In the past two decades, changes in the character of the cities and of the Catholic population have introduced new elements of concern. As the immigrant background continued to fade and as the social and economic status of Catholics continued to rise, the old parish communities were further weakened from within. The members died out, and their children moved to the suburbs, to be replaced in many cities by newly arrived Negro people. Many parishes were sapped of vitality, either through the loss of their national quality or through the decay of their neighborhoods. By way of compensation, the same changes eased some of the old difficulties. Poverty ceased to be the burden for Catholics it had been earlier; and the percentage of substantial middle-class folk and of skilled members of conservative labor unions grew steadily.
The shift in the center of Catholic activity to the suburbs altered the emphasis the Church gave its problems. Questions of discipline became less pressing, both because these smaller communities offered the opportunity of more personal contact with communicants and because the post-war revival of religion made conformity more normal. Many rites had by now become so thoroughly bound up with social occasions that they made little demand upon faith. It was respectable and to be expected that one would be baptized, married, and buried in a ceremony under Church auspices. Interfaith tensions also eased; a defensive posture was no longer necessary, and the election of 1960 was a welcome contrast to that of 1928.
On the other hand, middle-class Catholics continued to absorb the standards, tastes, and values of their neighbors. It was more difficult than ever to secure adherence to distinctive patterns of behavior; and the necessity for vigilance in matters of faith and morals was as great as before. Catholics now showed the same concern for education as other middle-class parents, and that put an enormous strain on existing facilities, although the Church clung to the ideal of a religious education for every child.
Furthermore, a revival of activism among both clergy and laymen introduced other elements of instability. The appearance of large numbers of Negroes, Mexicans, and Puerto Ricans in the great cities was a challenge to a Church which preached the universal fraternity of men under God and in Christ. But to bring practice into accord with doctrine called for a painful adjustment in attitudes and habits on the part of older groups for whom the parish had been their exclusive community.

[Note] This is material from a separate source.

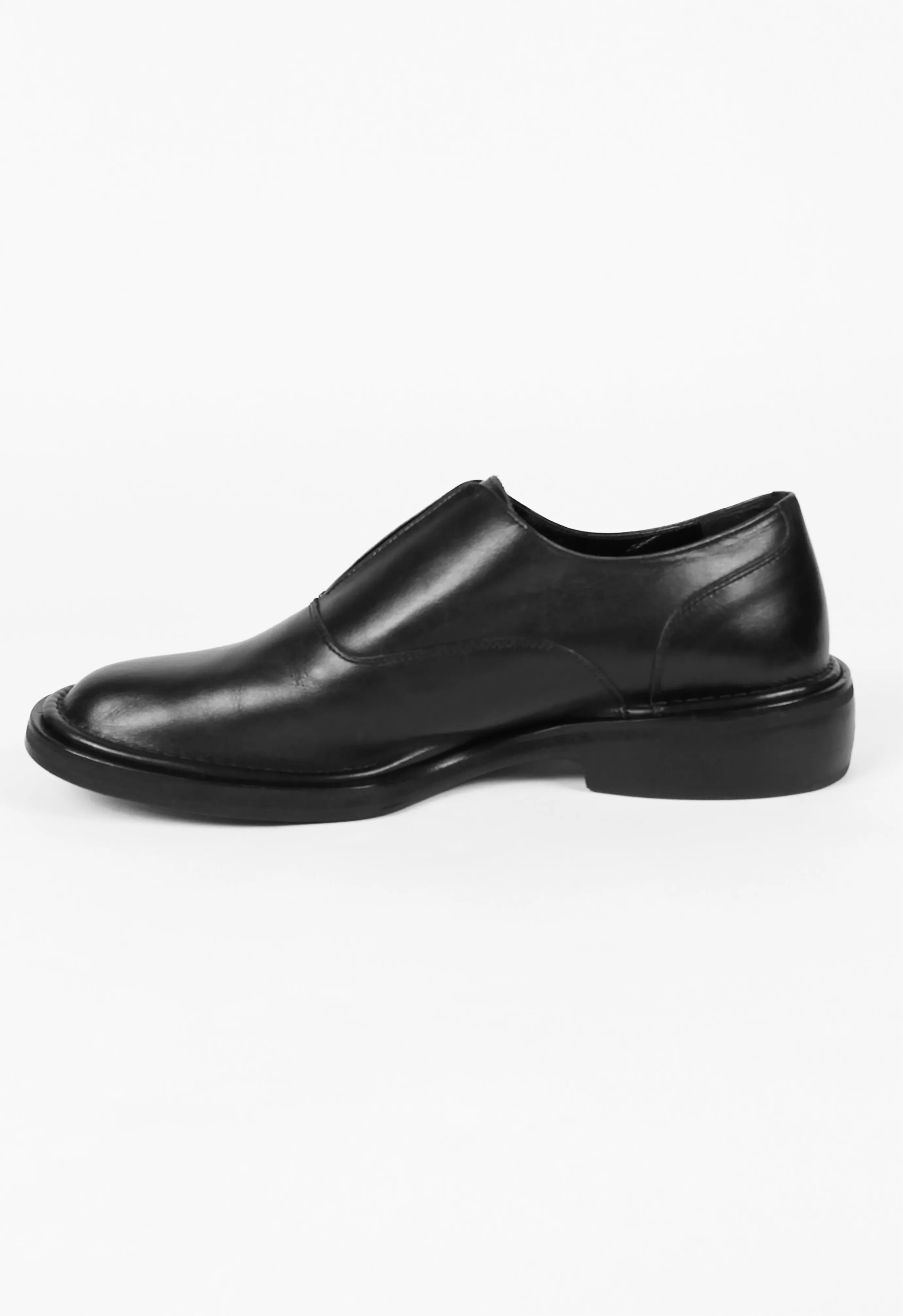 YOHJI YAMAMOTO POUR HOMME FW 2001 LACELESS DERBIES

These are indications that the old conception of the parish community may be entering upon a period of further change. Rooted in the traditional practices of the European churches, the parish was laboriously transferred to the New World through the faith of immigrants. For more than a century it survived by maintaining its separateness from a hostile outside world and by accommodating itself gradually to the American environment. It has now discovered that that environment has changed radically and that further adjustments will be demanded of it.